**EXERCISE GOAL**
One part of the entries below is wanted: the lines from the one containing "PULPEN STANDARD AE7" through the one containing "Patagonia パタゴニア キッズ". Write those out exactly and nothing else.

TASK DATA Start Marker

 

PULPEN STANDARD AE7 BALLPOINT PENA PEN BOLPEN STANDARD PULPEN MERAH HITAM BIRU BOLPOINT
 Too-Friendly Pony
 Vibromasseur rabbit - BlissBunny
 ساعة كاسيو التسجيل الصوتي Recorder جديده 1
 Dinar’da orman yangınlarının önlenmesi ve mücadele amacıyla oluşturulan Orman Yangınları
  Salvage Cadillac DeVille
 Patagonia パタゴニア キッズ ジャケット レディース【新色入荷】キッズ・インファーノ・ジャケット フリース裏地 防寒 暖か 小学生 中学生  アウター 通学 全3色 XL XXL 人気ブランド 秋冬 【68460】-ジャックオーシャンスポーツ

TASK DATA End Marker
TASK DATA Start Marker

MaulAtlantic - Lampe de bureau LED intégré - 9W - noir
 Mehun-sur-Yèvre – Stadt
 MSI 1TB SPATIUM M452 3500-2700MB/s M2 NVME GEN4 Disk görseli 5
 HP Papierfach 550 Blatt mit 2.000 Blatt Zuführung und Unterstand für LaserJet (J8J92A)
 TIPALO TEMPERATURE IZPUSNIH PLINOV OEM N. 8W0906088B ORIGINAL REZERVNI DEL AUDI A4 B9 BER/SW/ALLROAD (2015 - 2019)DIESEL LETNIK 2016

TASK DATA End Marker

**REPLY**
PULPEN STANDARD AE7 BALLPOINT PENA PEN BOLPEN STANDARD PULPEN MERAH HITAM BIRU BOLPOINT
 Too-Friendly Pony
 Vibromasseur rabbit - BlissBunny
 ساعة كاسيو التسجيل الصوتي Recorder جديده 1
 Dinar’da orman yangınlarının önlenmesi ve mücadele amacıyla oluşturulan Orman Yangınları
  Salvage Cadillac DeVille
 Patagonia パタゴニア キッズ ジャケット レディース【新色入荷】キッズ・インファーノ・ジャケット フリース裏地 防寒 暖か 小学生 中学生  アウター 通学 全3色 XL XXL 人気ブランド 秋冬 【68460】-ジャックオーシャンスポーツ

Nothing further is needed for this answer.